I'm home in Brunei, yeah i got homesick and went home, my mom missed me. hahah, I am loved. Well, been feeling the kesunyiness in Sydney and thought things would let up more if I went home. But, now that I'm home.... well the kesunyianness didnt let up. hahah, probably got a little worse. It really nice to come home and hear this from your grandparents;

"Your home? tsk tsk, why didnt u stay in Sydney, your aunt stayed in UK during puasa and raya, siiiiiiigh"

It's good to see you too... bleagh, ah well, I came back cause I just got really sick of Sydney. hahah, maybe it was fasting month and me missing the wedding and family stuff. Ku balik pun... nothing much. I did get to send Mahirah off though.... got to say goodbye, wont see her again for a few years. Got to see alot of my old friends at UBD. It would have been more fun if it wasn't fasting and they didnt have classes. Hahah, I snuck into Mimi's maths tutorial. barutah ku faham MVT and IVT for calculus. Orang putih have a knack for making things a whole lot more complicated than it actually is.

Wished the UBD lecs can help me with my current session maths. i'm really struggling now, this semester just seems easy. I've been doing badly for lots of my coursework. i'm not good at anything, things are so much different than back in MD and Berakas. I lost support team, hahah, mahirah, pu3, fidz, mimi, rudi, Tak, Charles, Arif, Zaimah, Dini, aziz, all these people arent there to help me in Sydney. It's so hard to keep up it just reduces me and kills me, wondering whether I should have said yes when Sis j called those few months ago. Even right now I have these computing and material assignments which I've been trying so hard to do but I reckon I'd still end up with no results to show that hard work. I keep telling myself I'm not trying hard ENOUGH but.... can I even reach that level?

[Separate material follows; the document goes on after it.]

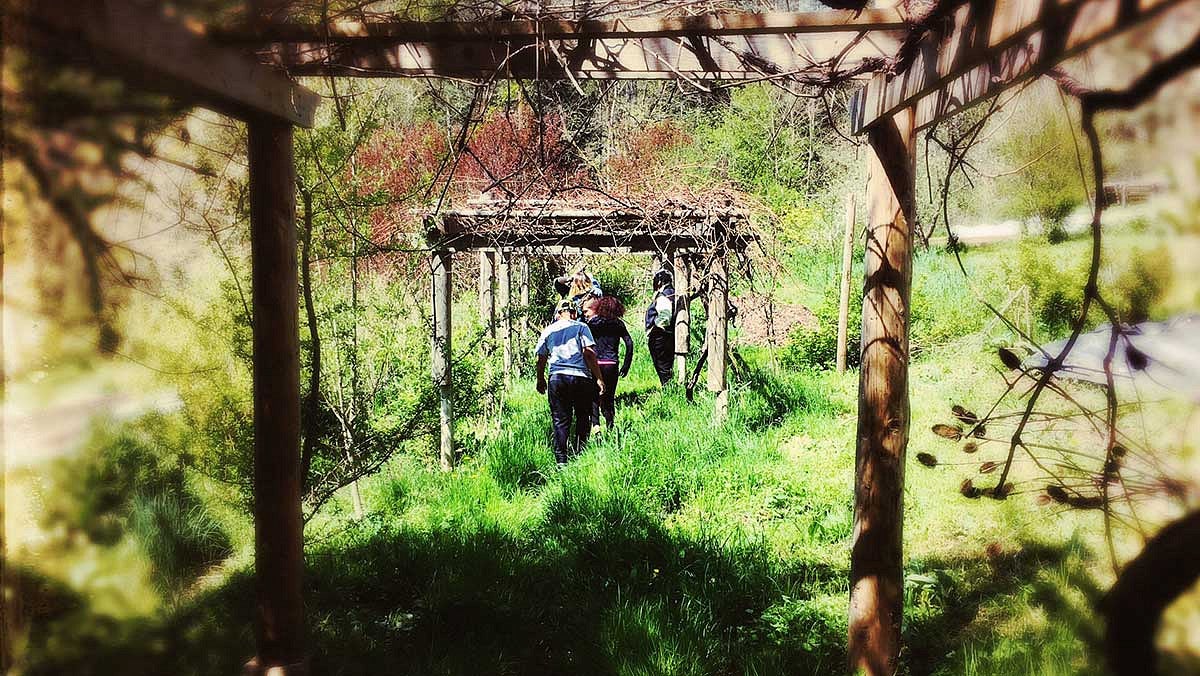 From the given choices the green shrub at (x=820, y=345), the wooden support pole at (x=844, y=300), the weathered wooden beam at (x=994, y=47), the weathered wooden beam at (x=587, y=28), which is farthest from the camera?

Sunyiness... the deafening sound of silence is all I wake up to these past few days. All my close friends are all busy or far away and I'm stuck in this rut. Thank god i'm with my family, I feel needed again. hahah, they havent changed one bit since I left, still bickering and doing stupid pointless stuff as always. You'd think they'd change for the better after I'm gone. This is a good and bad thing I guess. Two months of feeling completely useless was cured the moment I came back. Alas, this cant last for too long. Yeah....my mom wanted me to stay for raya, but I can't afford to miss anymore classes. it's my responsibility to come back and do my work. had an argument and she keeps hinting for me to stay, but I always answer jokingly and try not to look her in the face. hahah, I can't bare to see her cry and in the end I always get teary when I think of it too much.

So...I'll be back in Sydney by Monday most probably. I'm staying awake now (it's 12:30 Brunei time) to try to get my mats and computing finished. So far only brushed through a few of my Geography mapping exercises and havent touched my maths tutorials. Sigh...how did I let things get so bad. Wish me luck, and cheers.